My current interests fall into several categories (the dates cited will link you with relevant publications). Ever since my dissertation work, I have been interested in long-distance contacts between groups. My work with the early historic exchange system on the Great Plains showed that inter-group exchanges on the Great Plains were part of an organized, bounded system symbolized by the calumet pipe and the Plains Indian sign language (1975a, 1977, 1978b, 1981). Elizabeth Faison, a recent graduate of our MA program, completed a thesis on a related topic --tobacco symbolism.

Work on the trade system eventually led to studying the trails along which people and goods moved (1986a, 1988d, 1990b), and this interest in turn led me an interest in expeditions of the early historic period. I have traced the route of the Mallet expedition of 1739 (1991, 1995b) and have discovered and am excavating a campsite of the Coronado expedition of 1541 (1997b, 1997c, 1998b).
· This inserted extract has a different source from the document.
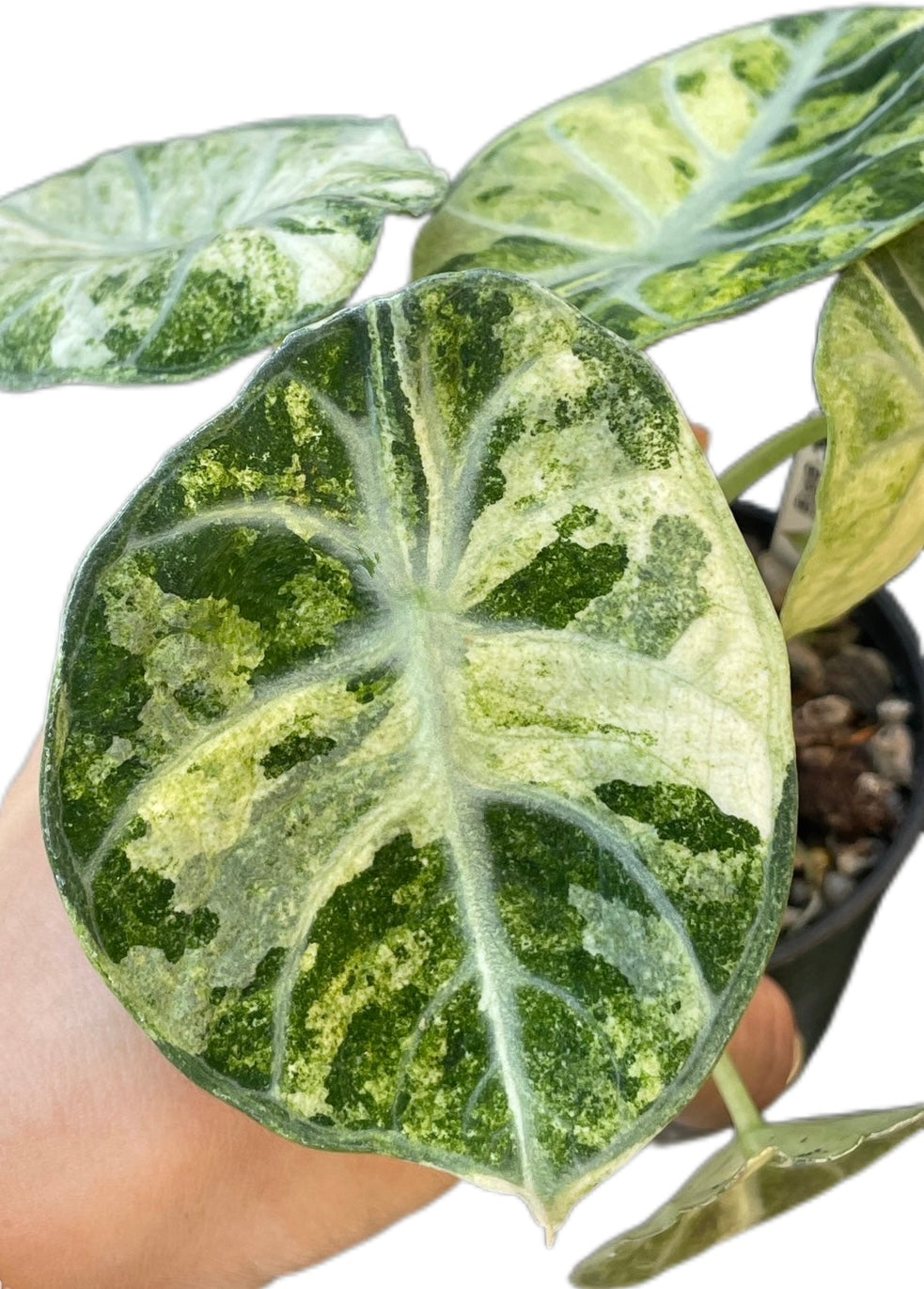 Alocasia Black Velvet Ninja Splash – FloristaPearl Garden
Former students Bob Blasing and Frank Gagne wrote theses on related topics.

A second interest of long standing has to do with the time frame called the Middle Ceramic (AD 1000-1400) on the Great Plains. I have written extensively on the Nebraska (1978a, 1979b, 1989), St. Helena (1988a, 1988b, 1988c) and Solomon River phases (1999b), as well as more general works on the era (1978a, 1982a, 1987c, 1993). The 1988 volume on the St. Helena phase is composed of articles written by my students (and one colleague). Mark Latham’s recent MA thesis is an example of the kinds of contribution that graduate students can make to our understanding of this era of plains prehistory.
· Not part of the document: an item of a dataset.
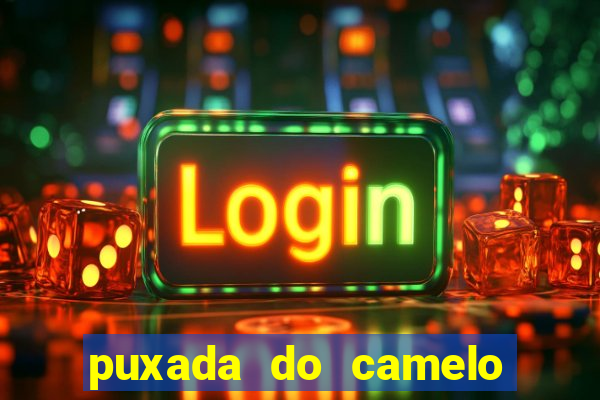 puxada do camelo no jogo do bicho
A third interest might be labeled archaeological science. I had been an astronomy student before that life-altering summer doing archaeology in the northwestern plains, and I did eventually earn a minor in mathematics. As a result, a familiarity with natural science, with mathematical models and with instrumentation has informed some of my work. In particular, I have paid close attention to radiocarbon dating, the most commonly used (and abused) dating system available to archaeologists (1983c, 1983d, 1994b, 1997a). A second persistent interest in archaeological science has been in the kinds of information derived from human skeletal remains that can be used to construct an understanding of past societies (1981b, 1983b, 1986c, 1990a, 1994a). Still another scientifically-oriented research theme is the analysis of stone tools to obtain information about past societies (1987b). I am currently working with Michelle Peck on the re-analysis of a major site collection which we will co-author.
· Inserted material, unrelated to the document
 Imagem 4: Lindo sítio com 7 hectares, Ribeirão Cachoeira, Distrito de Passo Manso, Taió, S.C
My other theoretical orientation may seem like a contradiction of the first. It is thoroughly humanistic in outlook, viewing human beings as purposeful, thinking individuals possessing culture but not totally possessed by it. Indeed, many of my publications that have a scientific flavor are critiques of the misuse or outright abuse of laboratory data and mathematical models (1983c, 1983d, 1988c, 1989). I see archaeology as a branch of cultural anthropology, and as a student of culture, I tend to favor non-deterministic and non-reductionist explanations. Archaeology with this slant has recently come to the fore as "cognitive archaeology" but my interest has been of long standing (1977, 1978b, 1981a, 1988a, 1994a). My current projects in this arena include a book with a former student on cultural landscapes and another on the symbolism of meteors and meteoric iron. Pam Eldridge recently completed a thesis under my direction on color and number symbolism in four Plains Indian cultures.

Finally, I do contract archaeology on a regular basis. This pays for summer field schools and provides our students with opportunities to gain field and laboratory experience. I share with the rest of the department the firm belief that a good MA program must provide hands-on experience to our students.